• **Task details**
The answer should be the records below, word for word, with every image left out.

(Data excerpts)
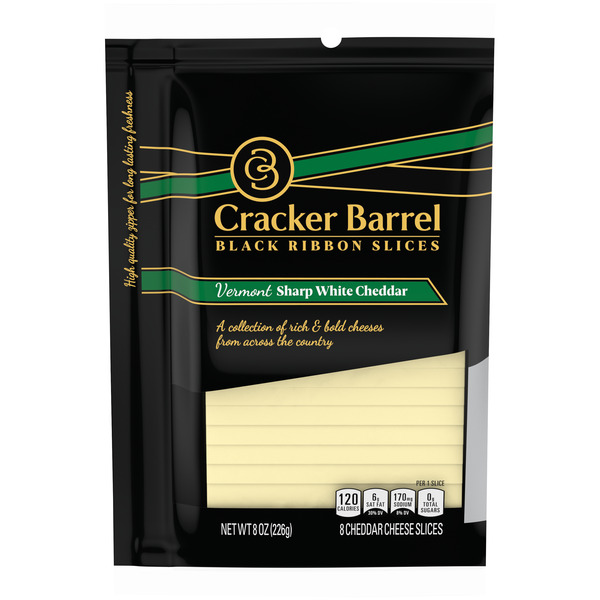 Cracker Barrel Black Ribbon Slices Vermont Sharp White Cheddar Cheese Slices, ct Pack hero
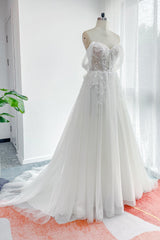 A-Line Court Train Lace Tulle Wedding Dress CW3155 - COCOMELODY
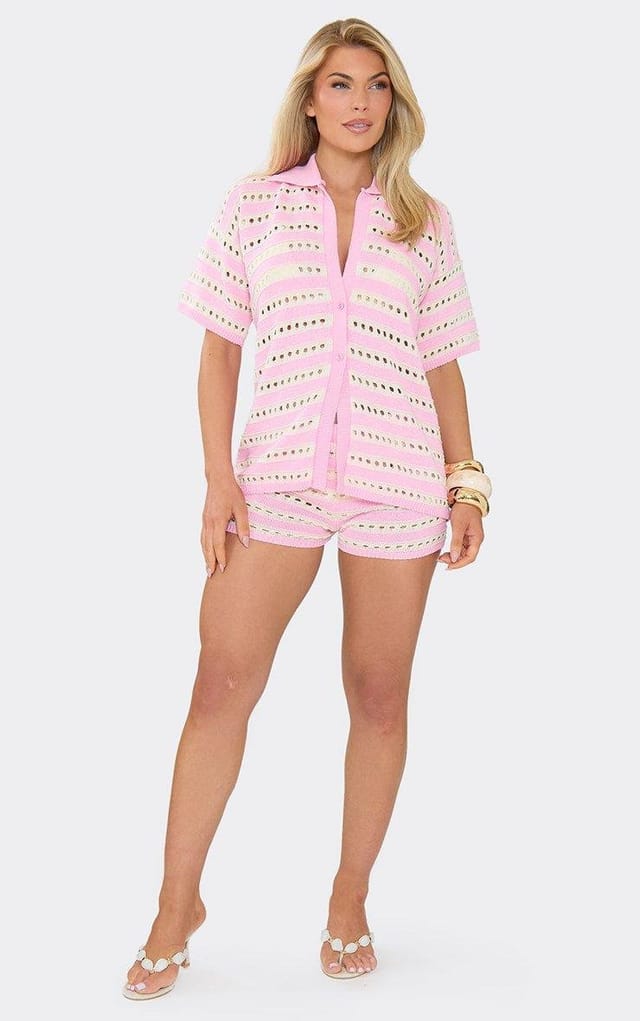 EGO Low Rise Micro Shorts In Pink Stripe Crochet Knit, Women's Size UK L - 2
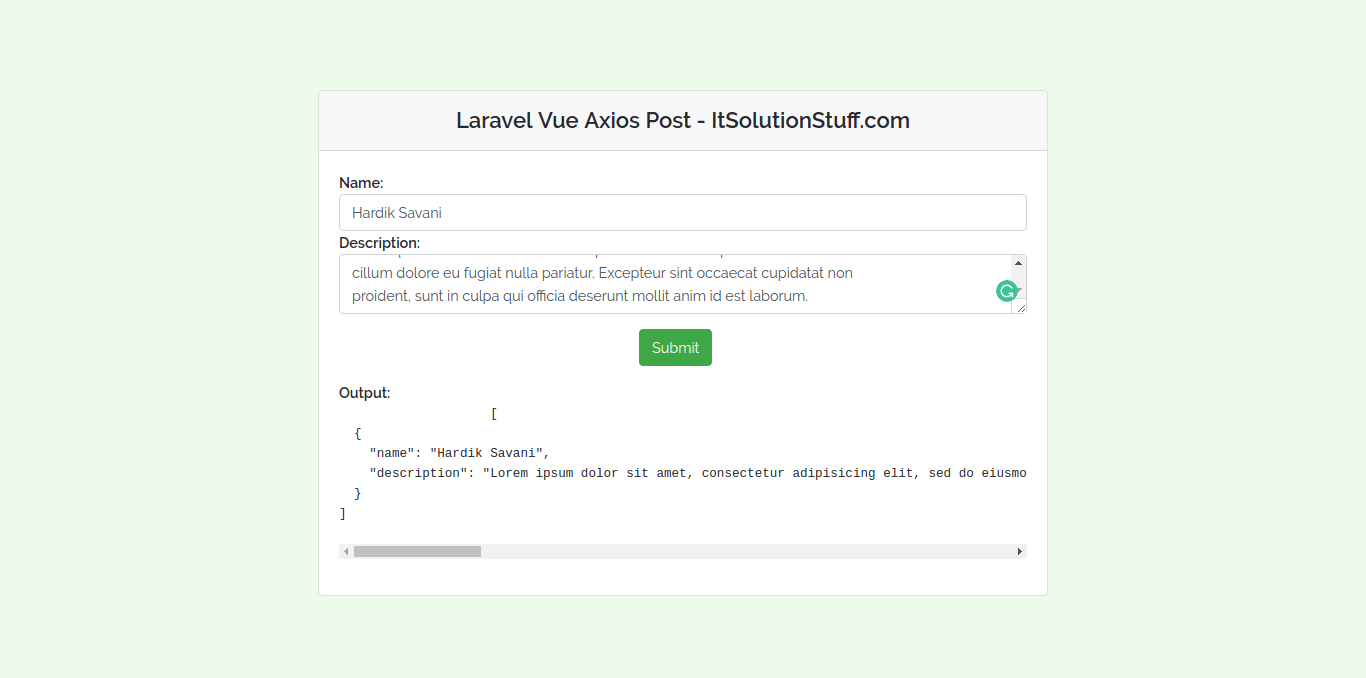 Laravel Vue JS Axios Post Request Example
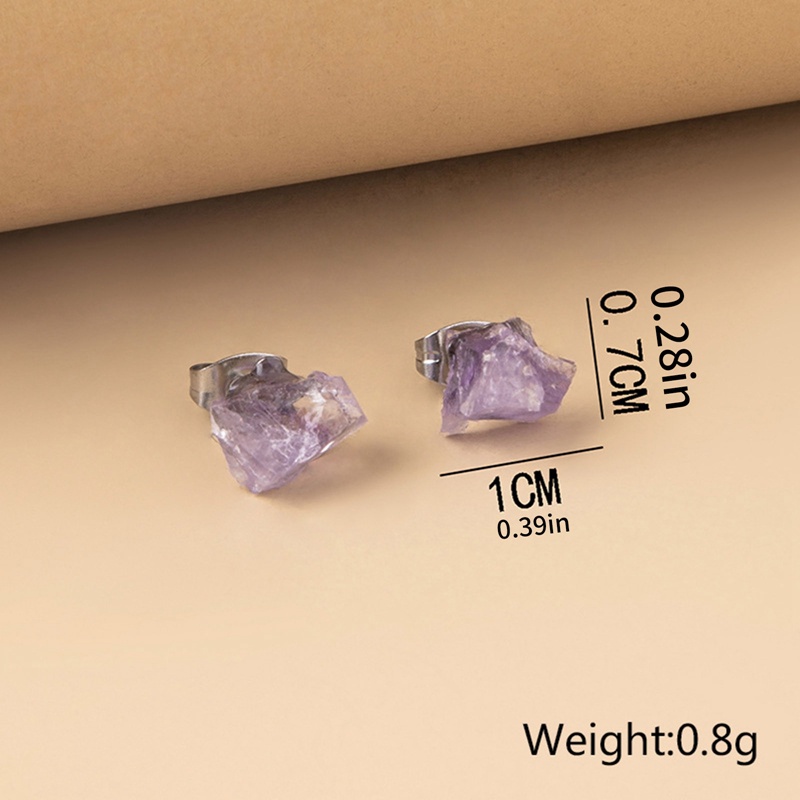 Anting Amethyst Alami Tidak Teratur Vintage Ungu Anting Stud Batu Kristal Untuk Wanita Perhiasan Minimalis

• **Result of this task**
 Cracker Barrel Black Ribbon Slices Vermont Sharp White Cheddar Cheese Slices, ct Pack hero
 A-Line Court Train Lace Tulle Wedding Dress CW3155 - COCOMELODY
 EGO Low Rise Micro Shorts In Pink Stripe Crochet Knit, Women's Size UK L - 2
 Laravel Vue JS Axios Post Request Example
 Anting Amethyst Alami Tidak Teratur Vintage Ungu Anting Stud Batu Kristal Untuk Wanita Perhiasan Minimalis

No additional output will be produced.